100 year old Allan runs away from his nursing home. Theft and murder ensue. He meets new friends. Parallel to this picaresque adventure we are told the equally picaresque story of Allan's life, involving world travel, Truman, Churchill, Stalin, Mao and de Gaulle and explaining Allan's pivotal if unacknowledged role in many of the major events of the twentieth century.
The century (and Allan's life) start in 1905. I don't think it is coincidence that this is when Albert Einstein published his Special Theory of Relativity. Indeed, Einstein's dim half-brother and the atom bomb are both central to Allan's tale.

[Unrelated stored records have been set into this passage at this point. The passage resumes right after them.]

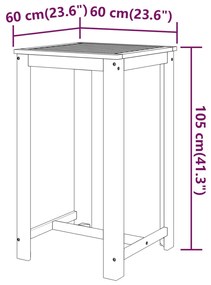 Záhradný barový set KOBBI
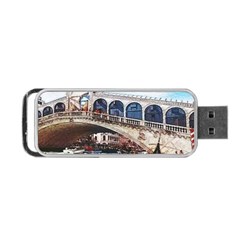Lovely Gondola Ride - Venetian Bridge Portable Usb Flash (one Side) by ConteMonfrey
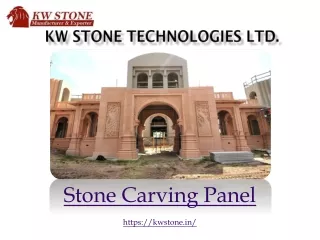 Stone Carving Panel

So in some ways this novel is a satirical view of the events of the twentieth century. In other ways it seems to be an ironic version of Voltaire's Candide. Whilst Candide features violent (apparent) death and resurrection, The hundred year old man features violent death and (apparent) resurrection. Where Lisbon is destroyed in Candide, Vladivostok is destroyed in The hundred year old man. Both describe near-impossible events in mundane, matter-of-fact prose. In Candide the motto of Dr Pangloss is 'All is for the best in this, the best of all possible worlds'; this is Voltaire's most sarcastic irony as he piles disaster on disaster. Allan's motto is 'Things are what they are, and whatever will be will be' which enables Allan to endure castration, repeated incarceration and several death penalties with Panglossian sang froid.
But although this book is equally entertaining it does not have the philosophical depth which makes Candide great literature.